# GAN: theory and applications

*Adversarial Training (also called GAN for Generative Adversarial Networks) is most interesting idea in the last 10 years of ML* <sup>[1](#1)</sup>

GANs are a framework for the estimation of generative models via an adversarial process in which 2 models, a **discriminator** $D$ and a **generator** $G$, are trained simultaneously.

The generative model $G$ aim is to capture the data distribution, whilst the discriminative model $D$ estimates the probability that a sample came from the training data rhather then $G$.

The power of the adversarial training framework cames from the fact that both $D$ and $G$ can be a non-linear, parametric, mapping functions such as **neural networks** and all the network can be trained end to end using **gradient descent**.

To learn a generator distribtution $p_g$ over the data **$x$** the generator builds a mapping from a **prior** noise distribution $p_z(z)$ to a data space as $G(z;\theta_g)$.

The discriminator $D(x;\theta_d)$ outputs a single scalar representing the probability that $x$ came from real data rather than $p_g$.

The original GAN framework poses this problem as a **min-max** game in which the two players ($G$ and $D$) compete one against the other.

## Generator

The generator is responsible for learning a distribution as good as a sample $Y \sim p_g$ can fool the discriminator

## Discriminator

The discriminator is responsibile for classifiyng the generated sample $D(Y) = D(G(z))$ in 1 of 2 different classes: **real** vs **fake**.

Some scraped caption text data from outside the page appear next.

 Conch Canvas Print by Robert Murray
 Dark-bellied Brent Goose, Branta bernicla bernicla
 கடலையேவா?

Generator and Discriminator compete against each other, playing the following zero sum min-max game with value function $V_{GAN}(D,G)$

$$ \min_G \max_D V_{GAN}(D,G) = \mathbb{E} _{x \sim p_{data}(x)}[log D(x)] + \mathbb{E}_{z \sim p_z(z)}[\log(1 - D(G(z)))] $$

## Intuitive explaination

We want to be sure to train the **discriminator** $D$ in order to correctly classify the values sampled from the real data (**maximize** $\mathbb{E}_{x\sim p_{data}(x)}[\log D(x)]$ ) and **at the same time** given a fake sample $G(z), z \sim p_z(z)$ the discriminator is expected to output a probability $D(G(z))$ close to zero, by **maximizing** $\mathbb{E}_{z \sim p_z{z}}[\log(1- D(G(z)))]$.

The **generator** instead, is trained in order to *fool the discriminator*, so it will learn to produce samples that are more and more similar to the ones sampled from the real data distribution and it will do this by **minimizing** $\mathbb{E}_{z \sim p_z{z}}[\log(1- D(G(z)))]$

Note: *the minmax game is played only in the second part of the equation, in fact when updating the generator parameters the first term has no impact*.

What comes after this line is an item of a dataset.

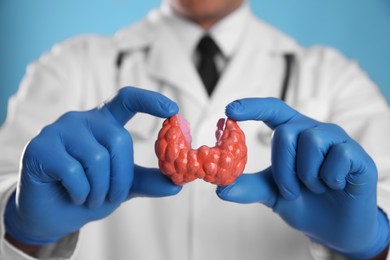 Doctor holding plastic model of thyroid on light blue background, closeup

## Non saturating value function

As Goodfellow itself pointed out in the original GAN paper<sup>[2](#2)</sup> the previous equation may not provide sufficient gradient for $G$ to learn well. Early in learning, when the quality of the generated samples from $G$ is poor, $D$ can reject samples with high confidence because they are clearly different from the training data. In this case, $\log(1 - D(G(z)))$ **saturates**.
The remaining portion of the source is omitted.